**REQUIRED ACTION**
When the listing below reaches the line that has "Office Depot® Brand", start reproducing exactly; stop after the line that has "word调整表格格式一致", and drop the pictures.

**GIVEN DATA**
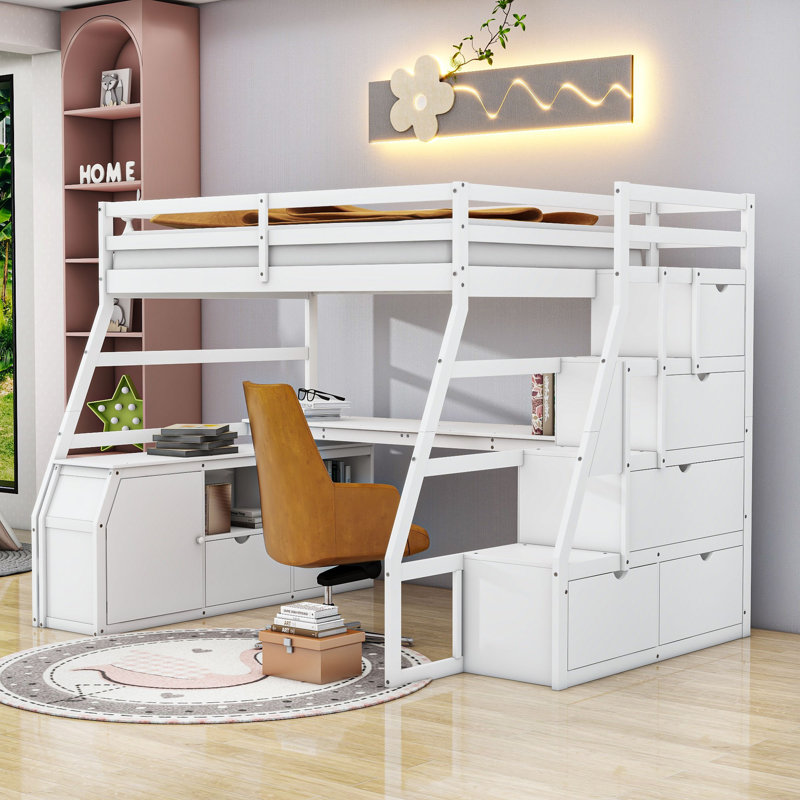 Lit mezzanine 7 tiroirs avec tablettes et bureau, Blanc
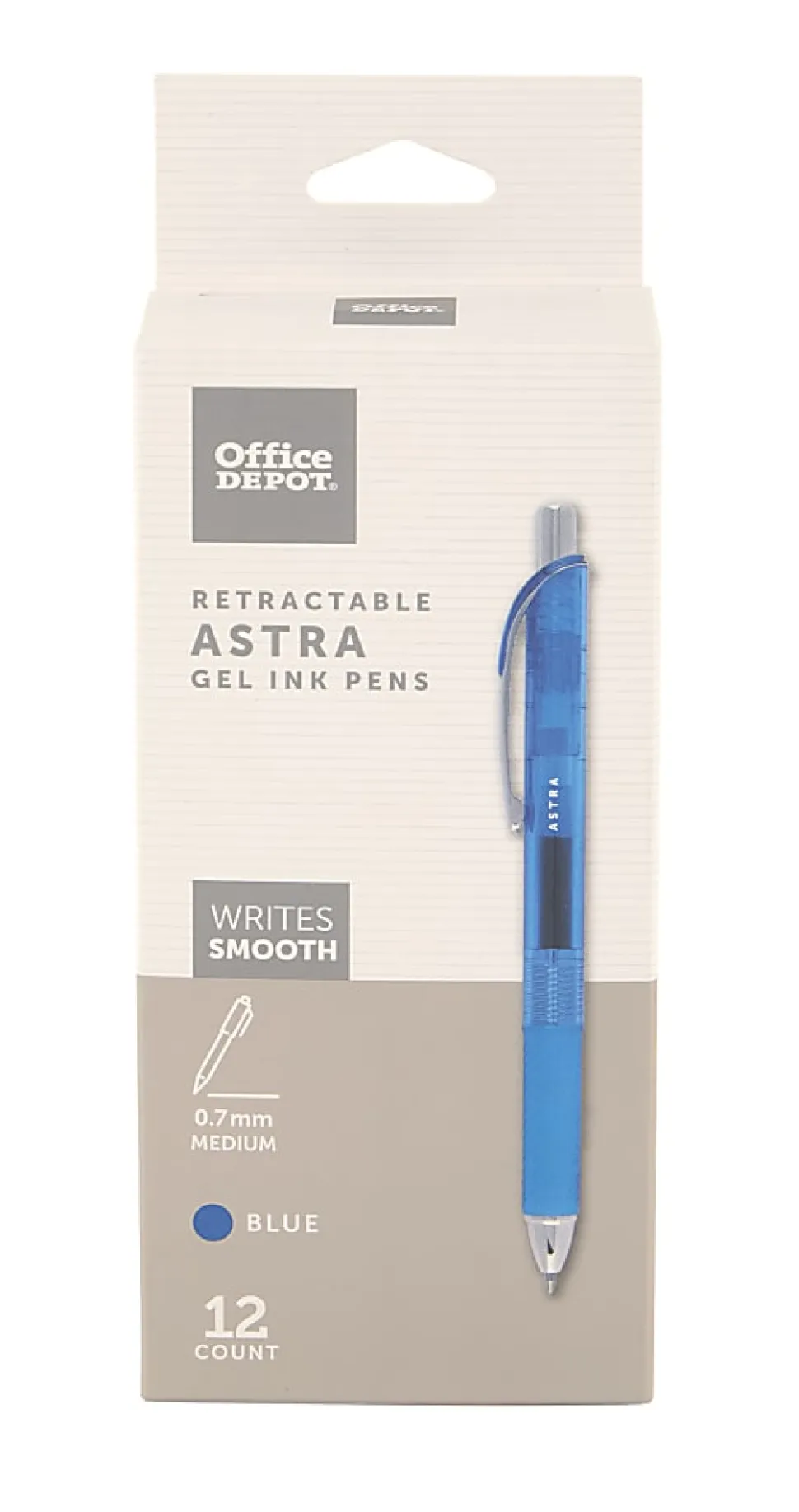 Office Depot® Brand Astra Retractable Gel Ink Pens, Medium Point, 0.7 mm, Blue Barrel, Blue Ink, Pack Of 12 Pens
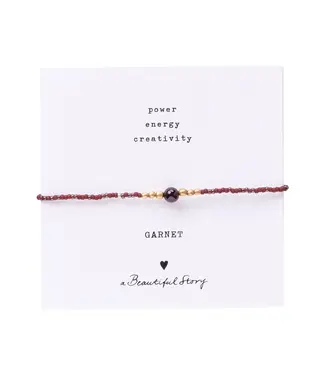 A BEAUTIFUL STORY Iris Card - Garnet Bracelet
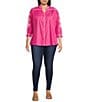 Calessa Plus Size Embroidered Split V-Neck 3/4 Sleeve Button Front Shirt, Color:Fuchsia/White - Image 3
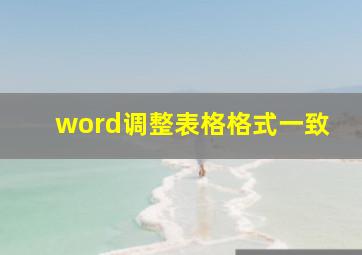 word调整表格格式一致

---

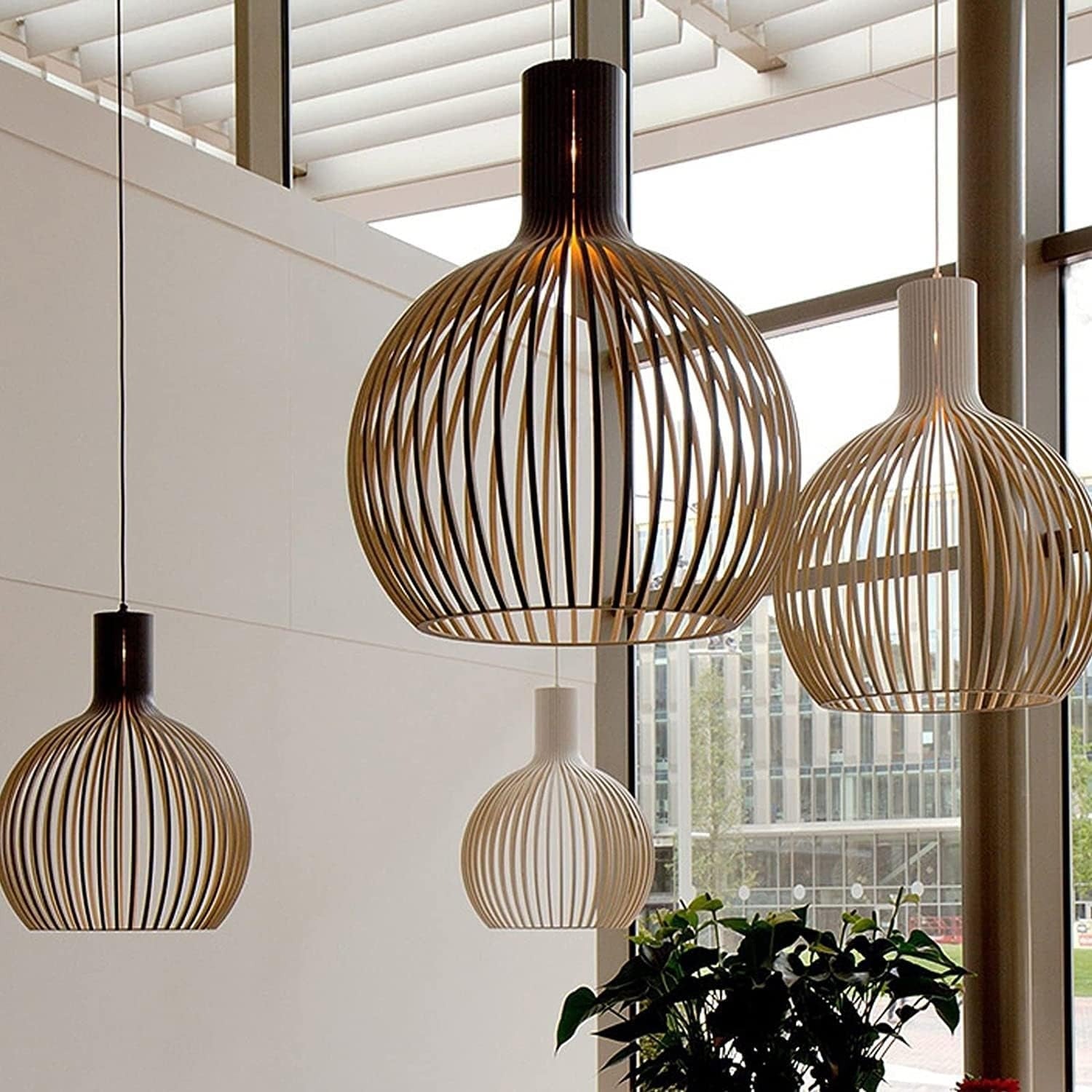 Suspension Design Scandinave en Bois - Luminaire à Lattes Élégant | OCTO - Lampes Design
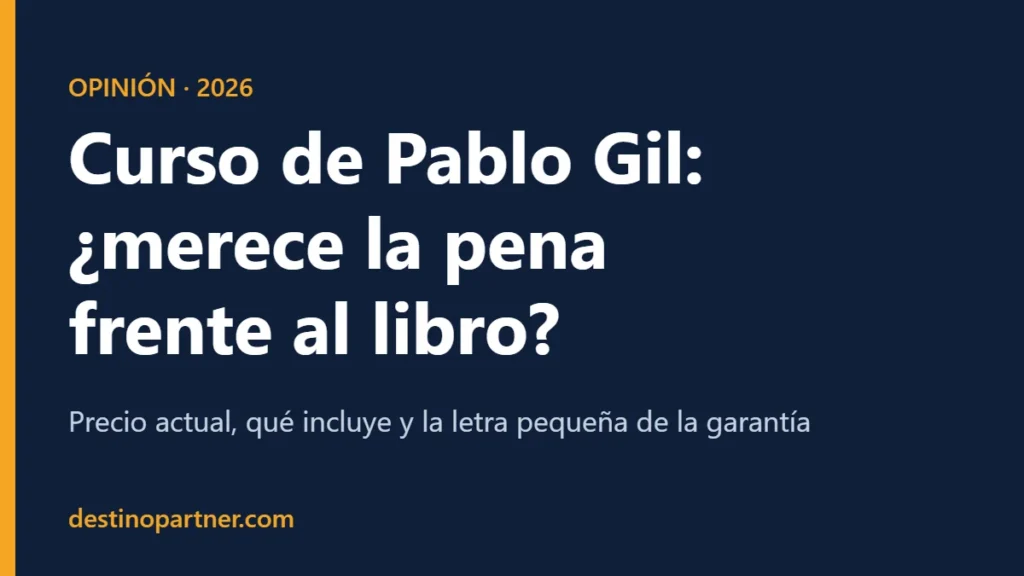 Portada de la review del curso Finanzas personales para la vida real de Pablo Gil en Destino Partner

**SOLUTION FOR THIS EXERCISE**
 Office Depot® Brand Astra Retractable Gel Ink Pens, Medium Point, 0.7 mm, Blue Barrel, Blue Ink, Pack Of 12 Pens
 A BEAUTIFUL STORY Iris Card - Garnet Bracelet
 Calessa Plus Size Embroidered Split V-Neck 3/4 Sleeve Button Front Shirt, Color:Fuchsia/White - Image 3
 word调整表格格式一致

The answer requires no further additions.